Cándido dijo al turco:
-Vos debéis poseer un
terreno vasto y magnífico.
-Sólo poseo unas ocho
hectáreas -contestó el turco-; yo y mis hijos las cultivamos y de esta manera
el trabajo aleja de nosotros los tres grandes males existentes en el mundo: el
aburrimiento, el vicio y la necesidad.
Cándido, de regreso a su
finca, pensó con intensidad en aquellas palabras del turco y les dijo a
Pangloss y a Martín:
-Me parece que este buen
hombre se ha labrado un destino bastante mejor que el de los seis reyes con
los que tuvimos el honor de cenar.
-Los honores -dijo Pangloss-
están llenos de peligros, según todos los filósofos: así por ejemplo, Eglon,
rey de los moabitas, fue asesinado por Aod; a Absalón le colgaron del pelo y
lo traspasaron con tres flechas; el rey Nadab, hijo de Jeroboam, fue asesinado
por Baasa; el rey Ela, por Zambri; Ocozías, por Jehú; Atali, porjoiada; los
reyes Joaquín, jeconías, Sedecías fueron hechos esclavos. ¿Sabéis cómo
murieron Creso, Astiages, Darío, Dionisio de Siracusa, Pirro, Perseo, Nerón,
Oto, Vitelio, Domiciano, Ricardo III, María Estuardo, Carlos I, los tres
Enriques de Francia, el emperador Enrique IV? Sabéis que...

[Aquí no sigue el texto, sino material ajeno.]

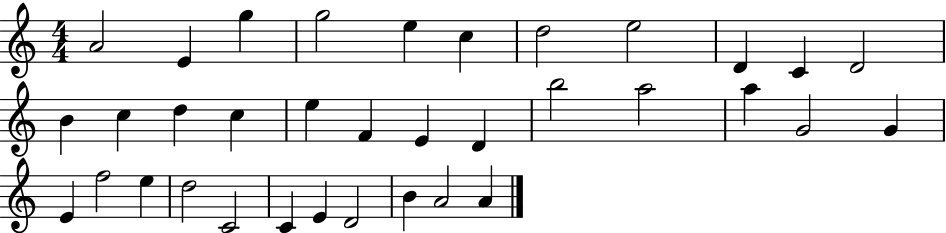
{
  \clef treble
  \numericTimeSignature
  \time 4/4
  \key c \major
  a'2 e'4 g''4 | g''2 e''4 c''4 | d''2 e''2 | d'4 c'4 d'2 | \break b'4 c''4 d''4 c''4 | e''4 f'4 e'4 d'4 | b''2 a''2 | a''4 g'2 g'4 | \break e'4 f''2 e''4 | d''2 c'2 | c'4 e'4 d'2 | b'4 a'2 a'4 | \break \bar "|."
}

-Lo que sé -dijo Cándido- es
que debemos cultivar nuestra huerta.
-Tenéis razón -dijo Pangloss-;
porque el hombre fue puesto en el jardín del Edén, "ut operaretur
eum", para que lo cultivara; y eso prueba que el hombre no ha nacido para
vivir ocioso.
-Trabajemos y no pensemos
-dijo Martín-; así la vida será soportable.

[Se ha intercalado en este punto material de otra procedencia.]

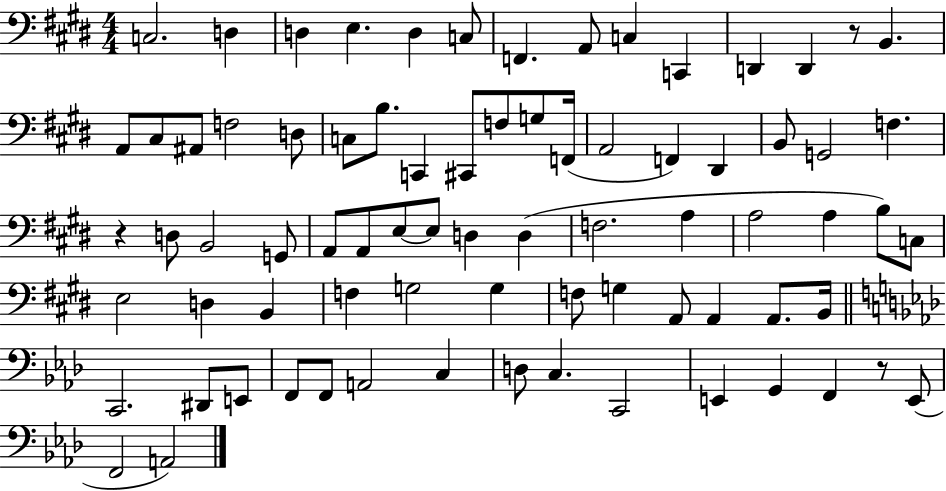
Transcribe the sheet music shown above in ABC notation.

Aquella diminuta sociedad se
empeñó en este loable designio y cada cual se puso a ejercitar sus capacidades.
La escasa tierra dio frutos en abundancia. Efectivamente, Cunegunda era muy
fea, pero se convirtió en una excelente repostera; Paquita se dedicó a bordar;
la vieja se encargaba de la ropa. No había nadie que no fuera útil y hasta el
hermano Alhelí se hizo un buen carpintero y llegó a ser un hombre honrado.
Pangloss le decía algunas veces a Cándido:
-Todo tiene relación en el
mejor de los mundos posibles: porque si no os hubiesen expulsado del castillo
por amor a la señorita Cunegunda, si no hubieseis sido entregado a la
Inquisición, si no hubieseis atravesado América andando, si no hubieseis dado
una gran estocada al barón y si no hubieseis perdido todos vuestros carneros de
aquella buena tierra de Eldorado, no estaríais comiendo ahora mermelada de
cidra y pistachos.
-Muy bien dicho -contestó
Cándido-, pero lo importante es cultivar nuestra huerta.